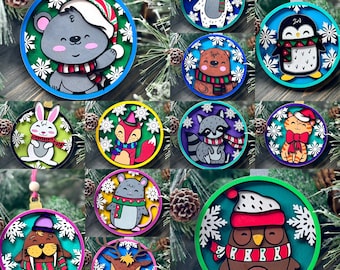 Hand-Painted Wood Christmas Ornament | Winter Animal Decor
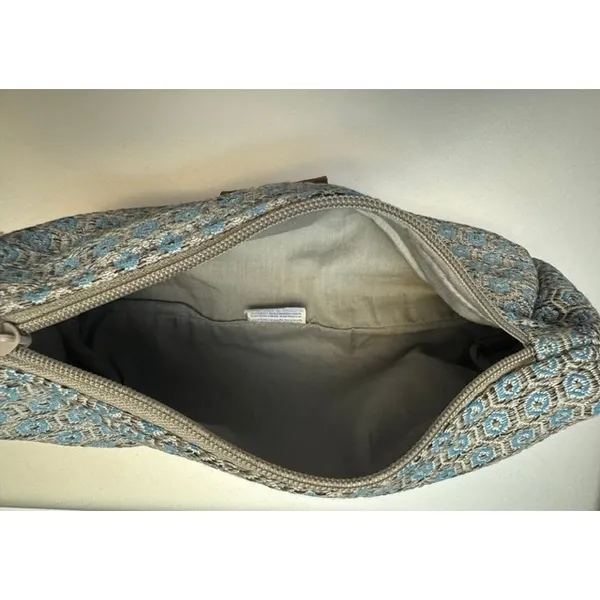 New Hope Girls Blue Honeycomb Woven‎ Zippered Pouch Makeup Toiletry Travel Bag - Image 3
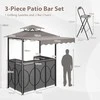 Promotions Grilio pavėsinė, 3 dalių lauko BBQ stogelis, pilka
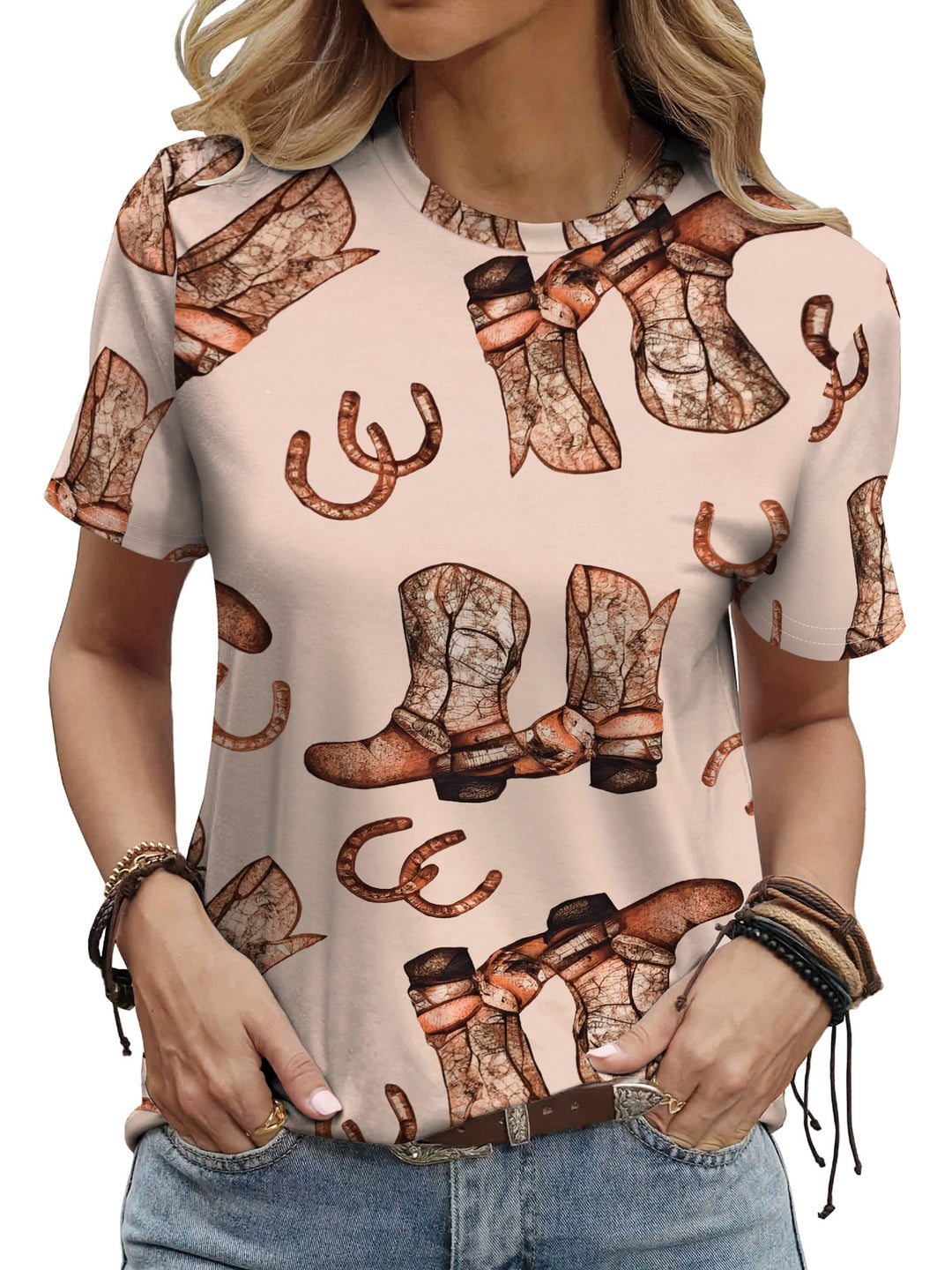 Damen Grafik T-Shirt mit Cowboy-Motiv EB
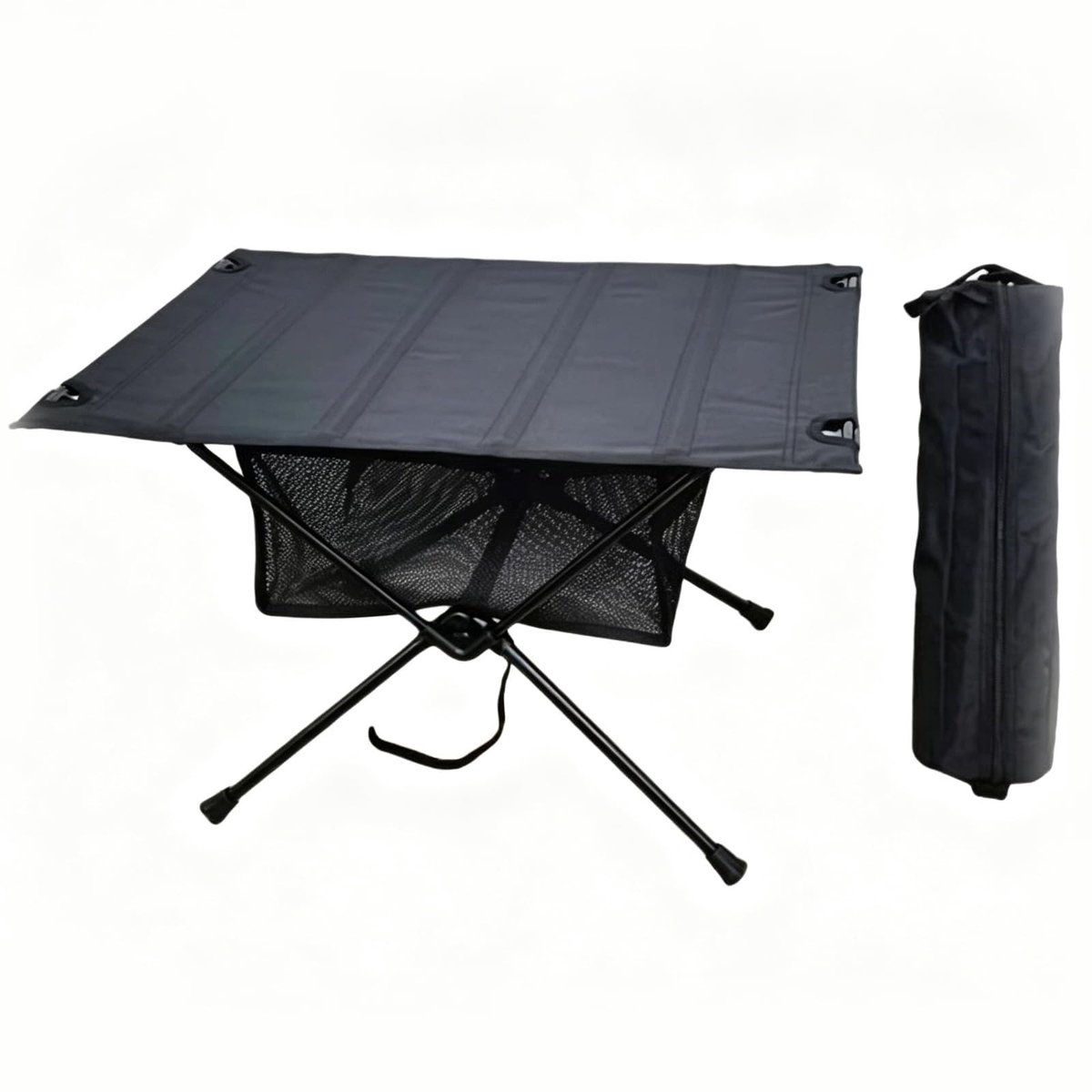 Omgoods - Ultralichte Inklapbare Campingtafel met Draagtas en 20 kg Draagkracht (Zwart)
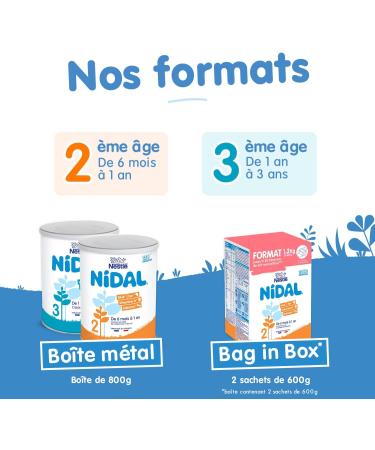 Nestl Nidal 2 Lait b b 2 me ge en poudre de 6 12 mois - Bag in Box de 2 sachets de 600g Multiple 1.2 kg (Lot de 1) - Buy Online on GoSupps.com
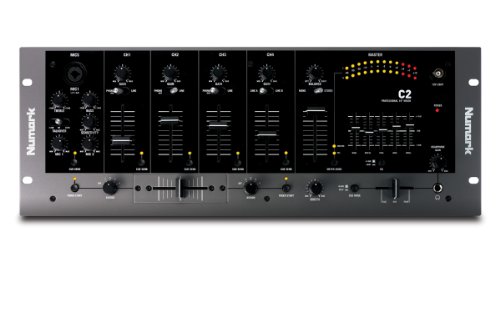 Numark C2 - Mezclador para DJ de cuatro canales con ecualizador de 5 bandas y montaje en rack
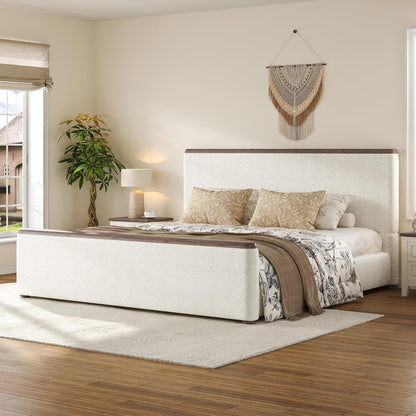 Modern Queen Size Floor Upholstered Bed with High Headboard, White1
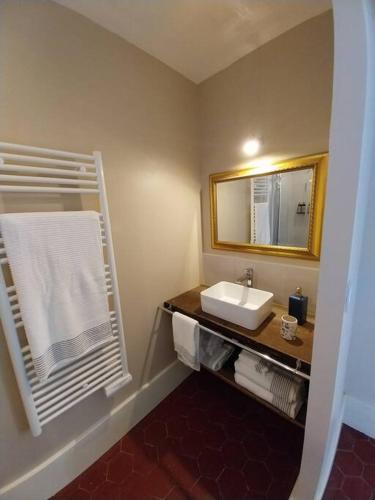 une salle de bain avec un lavabo et un miroir dans l'établissement Magical Mellecey, à Mellecey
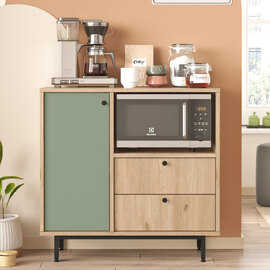 Velano Wooden Coffee Station Cabinet with 1 Green Door 2 Drawers in Oak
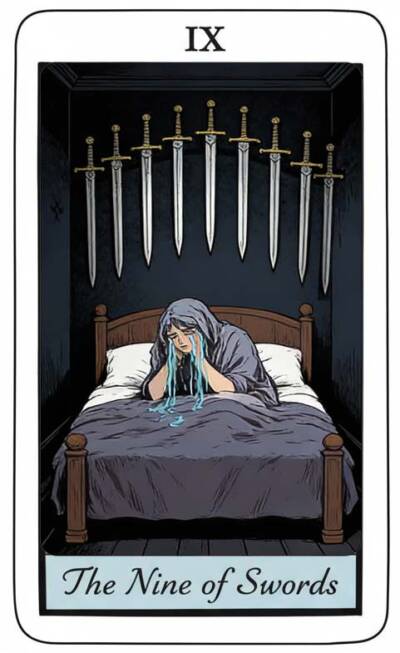 Karta Tarota 9 Mieczy – Cień dla Raka (nocne lęki i czarne scenariusze) 2–8 lutego 2026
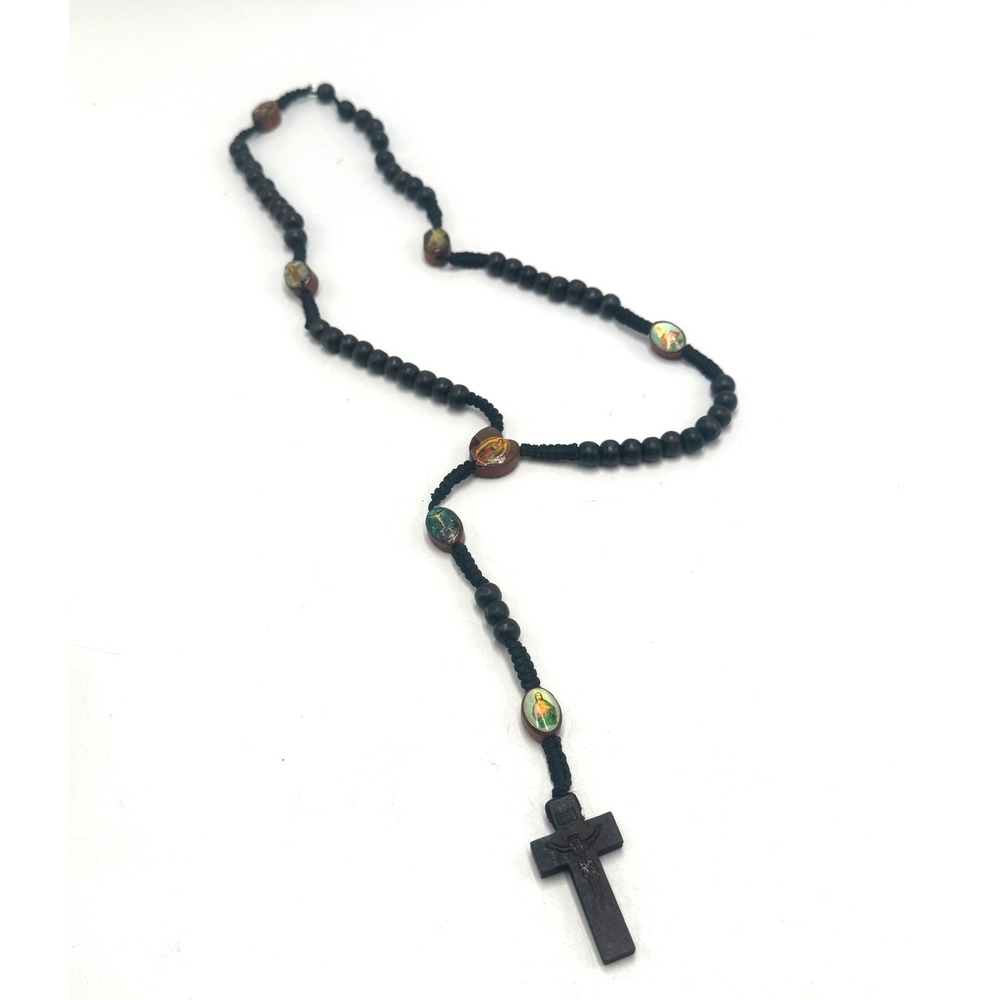 Vintage Wood Bead Rosary Necklace Religious Icons Crucifix Catholic Prayer Beads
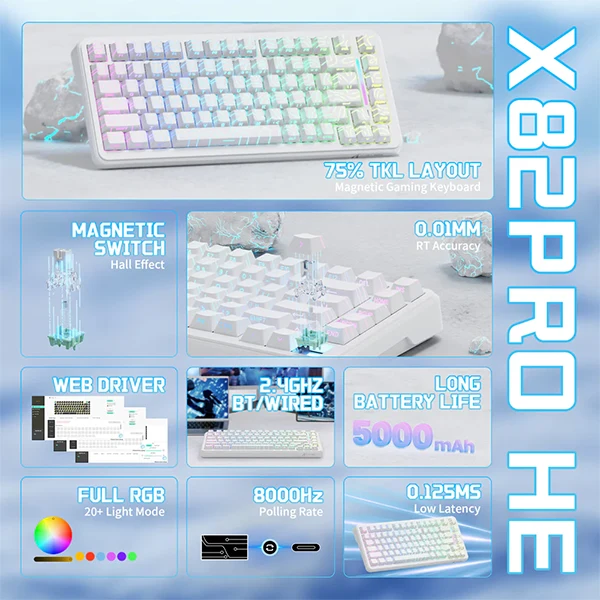 ATTACK SHARK X82 Pro HE Magnetic Switch (White Contours)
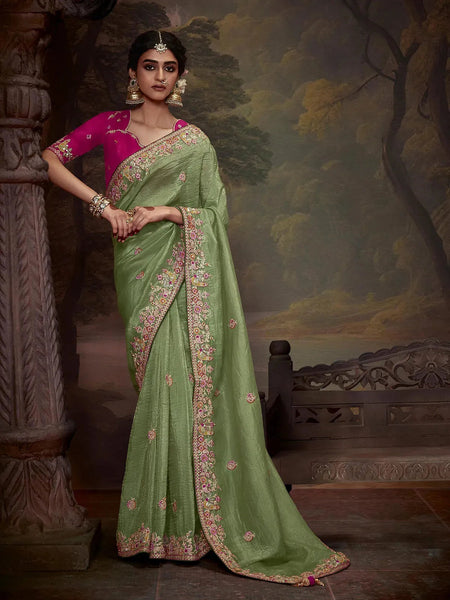 Elegant Pista Green Embroidered Fancy Saree - women's fashion mart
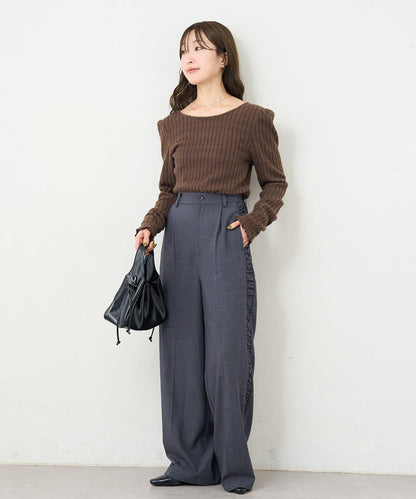 【4色可選/前後兩穿】B 長毛絨褶皺袖上衣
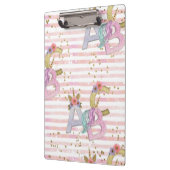 ユニコーンのアルファベットパターン クリップボード (左)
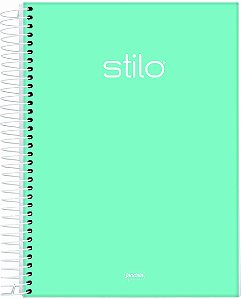 Caderno Espiral Universitário Capa Dura Jandaia Stilo Verde Pastel 20cm x 27cm 1 matéria R.68852 Unidade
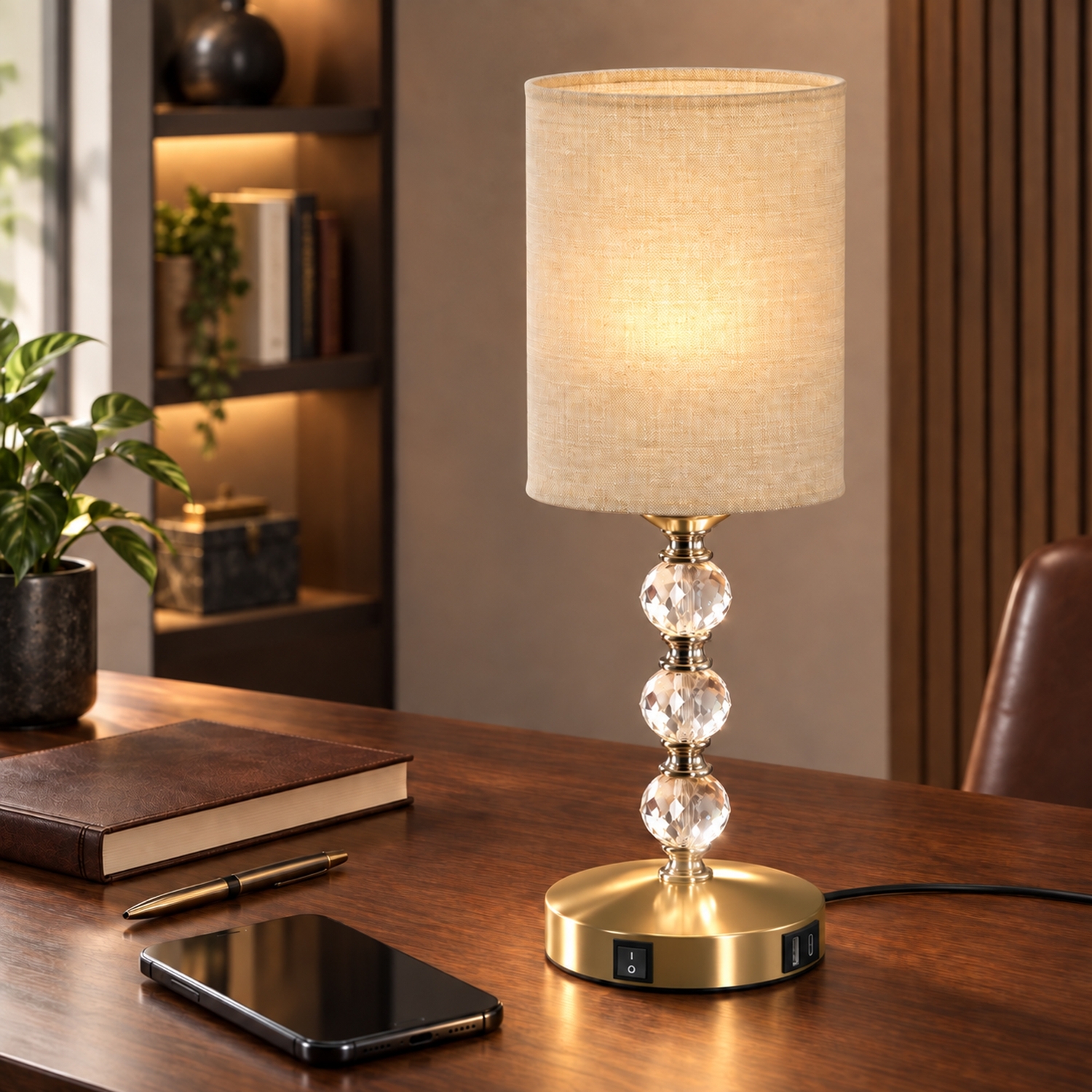 Homcom Gold Tone Bedside Lamp, Modern Crystal Decoration Table Lamp With Pvc Shade, Usb A+C Charging Ports, Bulb Not Included, - Image 3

◇ ◇ ◇ ◇

→ GOAL OF THE EXERCISE
Retype the listing exactly. Leave out its pictures.

→ TASK SOLUTION
 Hand-Painted Wood Christmas Ornament | Winter Animal Decor
 New Hope Girls Blue Honeycomb Woven‎ Zippered Pouch Makeup Toiletry Travel Bag - Image 3
 Promotions Grilio pavėsinė, 3 dalių lauko BBQ stogelis, pilka
 Damen Grafik T-Shirt mit Cowboy-Motiv EB
 Omgoods - Ultralichte Inklapbare Campingtafel met Draagtas en 20 kg Draagkracht (Zwart)
 Nestl Nidal 2 Lait b b 2 me ge en poudre de 6 12 mois - Bag in Box de 2 sachets de 600g Multiple 1.2 kg (Lot de 1) - Buy Online on GoSupps.com
 Numark C2 - Mezclador para DJ de cuatro canales con ecualizador de 5 bandas y montaje en rack
 Modern Queen Size Floor Upholstered Bed with High Headboard, White1
 une salle de bain avec un lavabo et un miroir dans l'établissement Magical Mellecey, à Mellecey
 Velano Wooden Coffee Station Cabinet with 1 Green Door 2 Drawers in Oak
 Karta Tarota 9 Mieczy – Cień dla Raka (nocne lęki i czarne scenariusze) 2–8 lutego 2026
 Vintage Wood Bead Rosary Necklace Religious Icons Crucifix Catholic Prayer Beads
 ATTACK SHARK X82 Pro HE Magnetic Switch (White Contours)
 Elegant Pista Green Embroidered Fancy Saree - women's fashion mart
 【4色可選/前後兩穿】B 長毛絨褶皺袖上衣
 ユニコーンのアルファベットパターン クリップボード (左)
 Caderno Espiral Universitário Capa Dura Jandaia Stilo Verde Pastel 20cm x 27cm 1 matéria R.68852 Unidade
 Homcom Gold Tone Bedside Lamp, Modern Crystal Decoration Table Lamp With Pvc Shade, Usb A+C Charging Ports, Bulb Not Included, - Image 3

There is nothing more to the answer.